In this case, TIR modulator 100 is driven such that the averages of the voltage combinations used to create each of the different birefringent states in a pixel region 110 are substantially equal to one another. That is, the average voltages used to create a substantially non-diffracting state in a pixel region 110 (i.e. the average of 0 Volts and 0 Volts) substantially equals an average of the voltages used to create a substantially diffracting state in a pixel region 110 (i.e. the average of +V/2 Volts and −V/2 Volts). FIG. 2C schematically shows the average electric potentials imposed on the electrodes 115 and 116 of electrode groups T1, T2, T3, and T4 in this case. Unlike the aforementioned TIR modulator 10 in which a variance of V/2 Volts existed between the average electrical potentials of the non-diffracting and diffracting pixel regions 11 of TIR modulator 10, such variances are reduced in the TIR modulator 100. TIR modulator 100 is an example of a “balanced” TIR modulator.

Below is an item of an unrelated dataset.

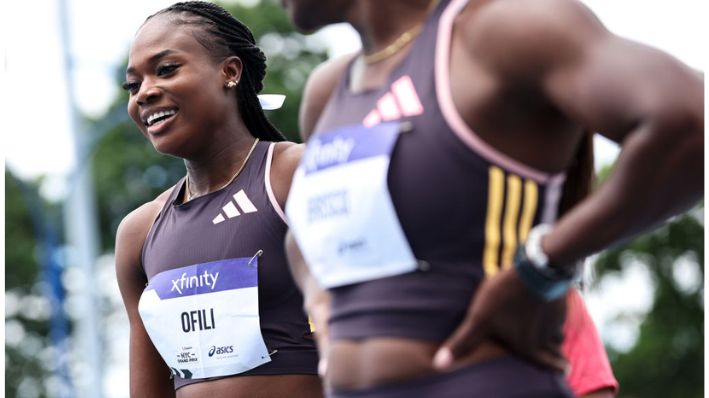 Favour Ofili de Nigeria después de ganar los 100 metros femeninos durante el Gran Premio USATF NYC 2024 en el Estadio Icahn, el 09 de junio de 2024 en la ciudad de Nueva York. (Dustin Satloff/Getty Images)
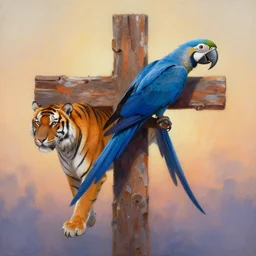 painting of cross between tiger & blue macaw, intercrossed animal, by zdzislaw beksinski, by tiffany bozic, cold hue's, warm tone gradient background, concept art, beautiful composition, digital painting,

It has been noted by the present inventors that other electrically conductive members (i.e. other than the interdigitated electrodes) can also generate electric field within an elector-optic material of a light modulator. In case of the TIR modulator 100, the present inventors have noted that a set of electrical conductors (e.g. the set of electrical conductors 128A or the set of electrical conductors 128B) can lead to the creation of an electric field. It has been noted that the electric field created by set of electrical conductors 128A or 128B typically penetrates more deeply into electro-optic material 113 than an electric field created by the electrodes in an electrode group T. This effect is simulated in FIG. 2B where an electric field 136 is generated by various electrical conductors 128A and an electric field 138 is generated by various electrical conductors 128B. Each of the generated electric fields 136 and 138 penetrate member 112 in the vicinity of non-pixel regions 132A and 132B, respectively. Although the electric fields 136 and 138 are associated with non-pixel regions 132A and 132B that include portions of surface 118 that are not directly impinged by radiation 125, electric fields 136 and 138 penetrate sufficiently within the electro-optic material 113 to interact with radiation 125. Electric fields 136 and 138 can lead to various problems including undesired beam steering of the radiation 125 that is outputted from TIR modulator 100.
There is a need for improved TIR modulators that can further reduce beam steering effects.
There is a need for improved balanced and unbalanced TIR modulators that can further reduce beam steering effects.